Открытки – другое дело, они хороши изображениями и часто не подписаны. Нередко собирательница или собиратель разложил(а) их в фотоальбомы, иногда очень дорогие. Они тяжелые, как сказочные книги. Обложки, обтянутые кожей или бархатом, снабжены массивными, иногда позолоченными латунными замками, защелками, уголками, накладками в центре и по краям лицевой обложки.
* * *
В отношении фотографий у меня почти мистическое ощущение, что со снимков смотрят чужие покойники. Я стараюсь к ним не притрагиваться, а Игорь иногда берет в руки из профессиональной надобности. Так, в нижегородских букинистических и антикварных магазинах он внимательно просматривал фотографии, сделанные до революции в том фотосалоне, где сам был сфотографирован в старинном кресле в 1966 году. И нашел на снимке начала ХХ столетия это кресло, по поводу которого он разошелся во мнении с Йохеном Хельбеком. Кресло оказалось артефактом не сталинского барокко, как полагал немецко-американский историк, а историзма поздней Российской империи[530].

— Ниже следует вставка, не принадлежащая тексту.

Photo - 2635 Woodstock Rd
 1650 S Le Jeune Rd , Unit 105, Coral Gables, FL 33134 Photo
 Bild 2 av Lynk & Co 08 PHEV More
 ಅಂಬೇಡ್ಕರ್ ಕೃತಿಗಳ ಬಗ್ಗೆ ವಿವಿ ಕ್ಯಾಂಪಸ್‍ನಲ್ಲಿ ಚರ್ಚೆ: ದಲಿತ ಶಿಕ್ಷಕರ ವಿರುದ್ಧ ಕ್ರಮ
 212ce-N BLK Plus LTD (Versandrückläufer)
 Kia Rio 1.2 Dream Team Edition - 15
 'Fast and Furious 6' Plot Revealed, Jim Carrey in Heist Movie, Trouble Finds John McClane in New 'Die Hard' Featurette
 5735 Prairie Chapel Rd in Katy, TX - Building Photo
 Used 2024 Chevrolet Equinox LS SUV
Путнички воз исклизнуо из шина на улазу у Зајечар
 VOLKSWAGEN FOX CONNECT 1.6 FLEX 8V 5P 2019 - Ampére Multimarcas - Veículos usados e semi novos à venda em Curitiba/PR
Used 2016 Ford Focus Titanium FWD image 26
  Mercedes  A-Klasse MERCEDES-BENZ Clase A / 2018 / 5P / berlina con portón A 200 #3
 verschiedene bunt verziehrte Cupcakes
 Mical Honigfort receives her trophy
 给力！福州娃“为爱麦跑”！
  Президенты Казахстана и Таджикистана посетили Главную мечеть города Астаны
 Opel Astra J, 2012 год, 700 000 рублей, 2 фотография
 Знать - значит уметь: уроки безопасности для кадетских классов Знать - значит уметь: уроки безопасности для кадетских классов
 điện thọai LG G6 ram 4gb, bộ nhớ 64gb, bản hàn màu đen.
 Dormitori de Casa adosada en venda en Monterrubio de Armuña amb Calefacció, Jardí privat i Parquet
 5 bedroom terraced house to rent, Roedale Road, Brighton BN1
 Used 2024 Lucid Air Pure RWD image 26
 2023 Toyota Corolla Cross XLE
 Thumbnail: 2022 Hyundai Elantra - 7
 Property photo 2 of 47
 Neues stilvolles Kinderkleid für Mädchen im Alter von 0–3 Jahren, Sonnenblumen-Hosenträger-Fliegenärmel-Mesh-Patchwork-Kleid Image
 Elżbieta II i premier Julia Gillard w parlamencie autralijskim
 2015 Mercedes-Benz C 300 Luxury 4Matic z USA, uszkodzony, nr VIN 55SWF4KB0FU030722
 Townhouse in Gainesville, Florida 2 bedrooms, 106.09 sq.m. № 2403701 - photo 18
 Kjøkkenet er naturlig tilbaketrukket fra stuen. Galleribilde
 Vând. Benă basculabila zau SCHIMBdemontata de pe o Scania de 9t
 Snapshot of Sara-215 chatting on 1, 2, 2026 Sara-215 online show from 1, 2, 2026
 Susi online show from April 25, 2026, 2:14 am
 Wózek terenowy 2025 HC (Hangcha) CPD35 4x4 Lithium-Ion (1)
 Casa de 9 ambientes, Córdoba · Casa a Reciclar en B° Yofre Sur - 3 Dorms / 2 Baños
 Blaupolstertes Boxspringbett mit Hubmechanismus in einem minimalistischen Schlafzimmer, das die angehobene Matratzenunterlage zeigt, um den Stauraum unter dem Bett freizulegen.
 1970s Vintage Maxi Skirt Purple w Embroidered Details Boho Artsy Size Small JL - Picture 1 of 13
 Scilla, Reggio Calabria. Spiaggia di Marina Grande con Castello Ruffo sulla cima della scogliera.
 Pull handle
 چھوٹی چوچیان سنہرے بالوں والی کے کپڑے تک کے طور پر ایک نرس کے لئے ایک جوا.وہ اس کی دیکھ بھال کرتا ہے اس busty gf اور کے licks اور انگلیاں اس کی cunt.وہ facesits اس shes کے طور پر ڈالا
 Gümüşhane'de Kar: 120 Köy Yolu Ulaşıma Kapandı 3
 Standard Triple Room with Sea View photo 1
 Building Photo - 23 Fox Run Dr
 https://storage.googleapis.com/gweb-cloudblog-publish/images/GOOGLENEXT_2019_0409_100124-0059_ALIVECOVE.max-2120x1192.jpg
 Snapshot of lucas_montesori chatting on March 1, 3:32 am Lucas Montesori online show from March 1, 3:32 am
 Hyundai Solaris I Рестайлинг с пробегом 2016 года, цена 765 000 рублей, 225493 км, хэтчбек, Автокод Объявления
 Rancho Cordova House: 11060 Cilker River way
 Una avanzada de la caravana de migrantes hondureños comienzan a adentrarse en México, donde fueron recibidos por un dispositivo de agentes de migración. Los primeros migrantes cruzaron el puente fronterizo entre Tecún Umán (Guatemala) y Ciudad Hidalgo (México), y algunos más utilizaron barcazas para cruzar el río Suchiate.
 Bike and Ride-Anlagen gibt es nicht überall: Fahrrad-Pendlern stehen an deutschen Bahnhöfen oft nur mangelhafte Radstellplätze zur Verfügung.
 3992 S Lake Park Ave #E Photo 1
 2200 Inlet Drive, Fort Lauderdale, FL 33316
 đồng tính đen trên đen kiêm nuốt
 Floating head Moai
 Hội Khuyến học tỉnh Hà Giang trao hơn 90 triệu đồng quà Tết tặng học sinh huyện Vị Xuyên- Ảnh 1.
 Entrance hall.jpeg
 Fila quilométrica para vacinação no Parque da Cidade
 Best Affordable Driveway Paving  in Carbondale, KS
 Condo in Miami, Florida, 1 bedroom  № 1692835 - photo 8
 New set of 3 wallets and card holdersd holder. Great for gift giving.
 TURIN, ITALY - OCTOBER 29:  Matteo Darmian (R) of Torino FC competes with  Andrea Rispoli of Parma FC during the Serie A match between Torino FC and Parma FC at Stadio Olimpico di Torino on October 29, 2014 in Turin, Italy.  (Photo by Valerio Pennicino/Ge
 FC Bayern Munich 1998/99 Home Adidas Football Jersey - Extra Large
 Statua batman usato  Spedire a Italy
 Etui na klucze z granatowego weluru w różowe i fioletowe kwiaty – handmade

Некоторые фотоальбомы в потрепанных обложках я только приоткрывала и сразу же захлопывала: на них люди сфотографированы после Второй мировой войны на фоне разбомбленных немецких городов.
Лишь по поводу одного фотоальбома у меня до сих пор осталось чувство горечи. Так бывает, когда остаются без ответа вопросы о происхождении и цене предмета, который привлек твое внимание. Это случилось в Генте. Мы были там с друзьями, с которыми, гуляя по городу, двигались разными маршрутами, и до встречи оставалось полчаса. Мы зашли в антикварный магазин – и у меня дух захватило, когда в фотоальбоме я нашла десятки фотографий с изображениями семьи последнего российского императора, путешествовавшего по Европе. Игорь не поддержал моего энтузиазма, поэтому вопросы о том, как альбом попал в магазин и сколько он стоит, остались без ответа. От приобретения отдельной фотографии Игорь предостерег, чтобы не нарушать целостность альбома, который, бог даст, найдет своего коллекционера. Аргумент понятен, но щемящее чувство утраты осталось.
* * *
Фоторамки – это единственный вид предметов, который привлекает меня в жутковатом наборе визуальных объектов. На блошином рынке встречаются очень разные рамки – различных стилей, из всевозможных материалов, всяких размеров и форм. Мы любим фоторамки в стиле ар-нуво и ар-деко. Их у нас скопилось с дюжину. В некоторые из них вставлены фотографии неизвестных нам людей – и я стараюсь их не замечать, мучимая чувством, что мы похитили чужое место памяти. Некоторые фоторамки рубежа XIX – XX столетий заполнены фотоснимками родственников Игоря, сделанными как раз в то время.
Специально для того, чтобы использовать наши рамки, мы провели фотосессию в старинных одеждах и с антикварными аксессуарами в винтажном фотоателье в Зальцбурге. Правда, и фоторамка, и одежда делают свое дело, весьма чувствительное для психики. Словно мы совместили живое с неживым (см. ил. 82, вкладка).